[Phy 405/905 Home Page] [ Lecturer ]

3. Pointers - Part 2

We continue our discussion of pointers, showing their use in array manipulation, and take several detours along the way to discuss internal/external linkage, the keyword static, and other useful things.


Pointers used to access arrays

A very important use of pointers is in efficient manipulation of arrays. First, some basics of the low-level arrays provided in C++.

One-dimensional arrays are defined as in:

int q[20];
int a[] = {3,4,1}; // size of a[] is implicitly given by initializer
int c[10] = {3};
I've included examples with and without initialization. Some details:

const

The size of the array, if given between the []'s, must be a positive integer constant expression and defined at compile-time - as opposed to "dynamically-allocated", run-time arrays, see new() below. (Note: the GNU compiler includes an extension to allow for variable array size declaration - this is a feature which is not portable, and is not standard C++). Rather than using an integer literal, I'd recommend use of a const value for array size declaration:
void some_func(int q_things)
{
double bad_array[q_things]; // ****illegal! **** use new() instead

int bad_size = 20; // bad_size is in principle not a constant expression
double still_bad[bad_size]; // **** still illegal! ****

double ok_array[20]; // legal, but 20's a "magic number"
const int bufsize = 20;
double good[bufsize]; }
The const qualifier means that the object bufsize may not be changed - its value , defined at compile-time, is guaranteed to remain unchanged, in contrast to our attempt to specify at run-time the size of still_bad[] - although bad_size's value is known at compile-time, in principle its value could change before the statement defining still_bad[]. The const qualifier is useful in many other circumstances, and in contrast to the parameter in Fortran, a const object's constness is made explicit at the point of declaration.

Initializers

The array size may be omitted if the definition includes initialization, in which case the size is calculated. Initializers are given in braces {}. If the array size has been given explicitly and there are fewer initializers than elements, the remaining elements are initialized to zero. It is an error to have more initializers than elements (which is different from plain C, where this is allowed).
double x[1] = {3,4,5}; // **error*** too many initializers
int id_list[] = {1,2,3,4,5}; // same as int id_list[5] = {1,2,3,4,5};
double x[10000] = {1}; // *only* sets first element to 1, rest to 0.0!

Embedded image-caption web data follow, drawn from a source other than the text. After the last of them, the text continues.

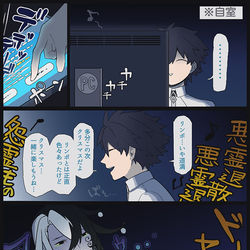 This is a pixiv picture whose title is クリスマスの途中だが蘆屋道満だ.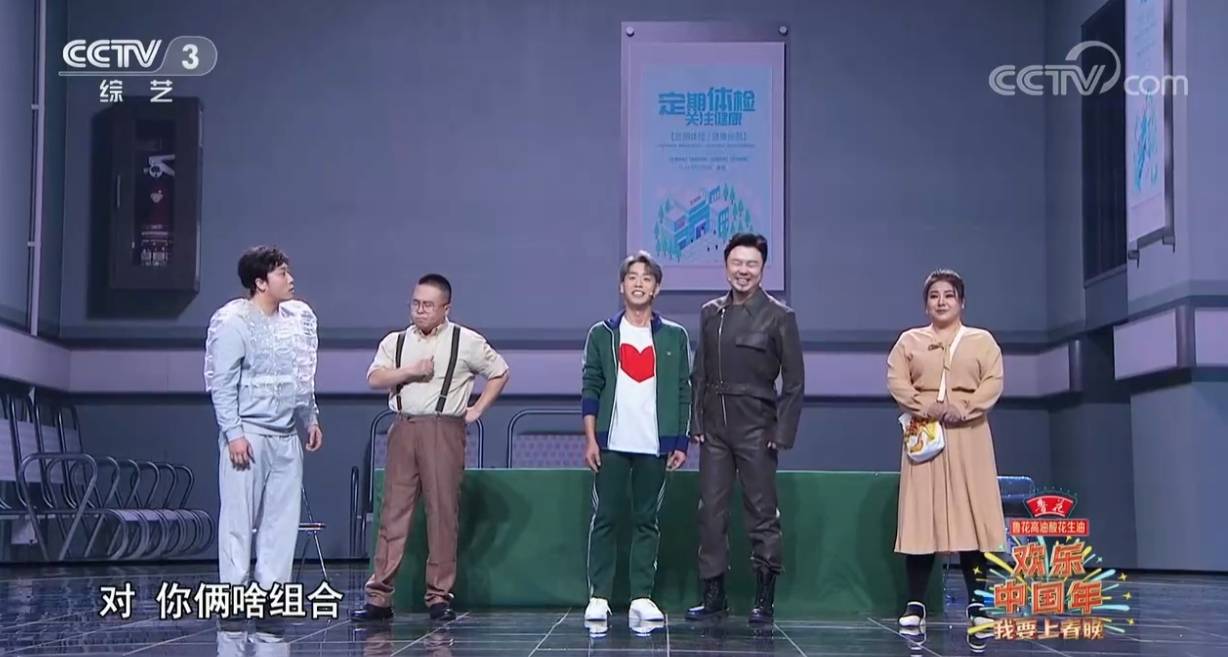 《体检警告》——我要上春晚表演:肖剑 李丁 精灵 吕腾飞 郭一鸣画外
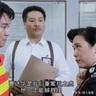 重案组之虎曹达华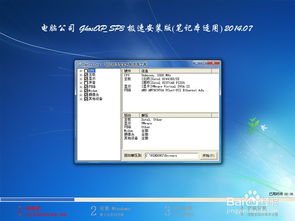 如何安装Ghost XP SP3系统？ 2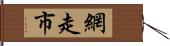 網走市 Hand Scroll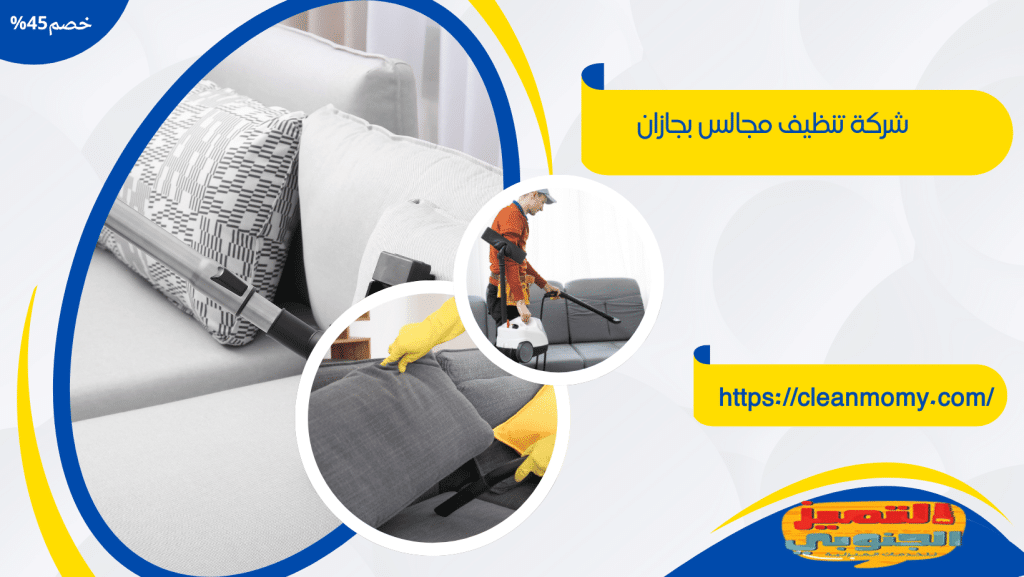 شركة تنظيف مجالس بجازان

There is default zero initialization of some types of arrays. The two kinds of declarations we know of so far - file scope (global) variables declared outside of all blocks, and local variables declared within a block (including the block defining a function) - differ in this respect. Locally defined arrays are not initialized by default, while externally defined arrays are. Arrays that are externally declared, but not defined, are not initialized at all.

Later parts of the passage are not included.